In truth, it was a long time coming. Intel rarely talks about internal machinations (including this one), but we heard every so often about a new reorganization that would cut X number of people or that would move the New Devices Group further and further down the org chart. Intel’s Curie and Edison dev platforms, popular at Maker Faires, were hard to find at retail and never seemed to gain the popularity commensurate with their profile. We’re not aware of any commercial products that were prototyped on either platform.
A joint venture with Google to build a reference platform for Android Wear watches lasted about a year. Fossil was a major client — until Fossil suddenly went with a different platform. The Google deal was never actually announced, and never actually killed. But it was here, and then it was gone. As far as we can tell, Qualcomm’s got all that business now.
Basis was a disaster of its own. A well-regarded early entrant in the fitness band market, Intel bought it for something like $100 million.

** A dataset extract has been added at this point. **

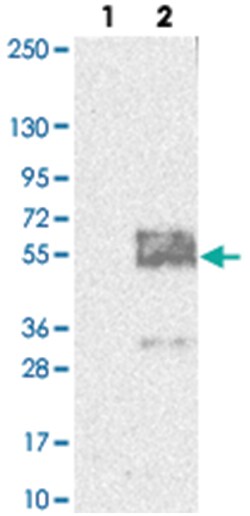 MFSD8, Rabbit, Polyclonal Antibody, Abnova 100 &mu;L | Buy Online | Abnova Corporation | Fisher Scientific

Shortly thereafter, its executives complained privately that they were sucked into endless corporate meetings instead of building products. (Not uncommon, of course, in startups bought by big companies.) But then Basis’s batteries started overheating as they approached their end of life; rather than fixing them, Intel bought them all back for God only know how much money and killed the product entirely.
Intel sponsored a wearables bootcamp competition on basic cable that dozens of people watched. More money gone.
What survives is Intel’s augmented reality business. AR is a big and coming thing, of course, and Intel does have a toehold in that market with Recon, a wearable display business that Intel bought a couple of years ago. Recon makes a display insert that Oakley uses for a big-ticket ski goggle and Recon itself makes a bicycling visor, although we haven’t seen any updates for it in quite some time.
Agility is important and a good thing for a technology company, maybe especially for a company the size of Intel. And AR will probably be a good market for it. But wow — that was a hell of a lot of money Intel spent over the last four years on wearables. The question is: was the problem Intel and its approach, or was it something fundamental about the wearables business?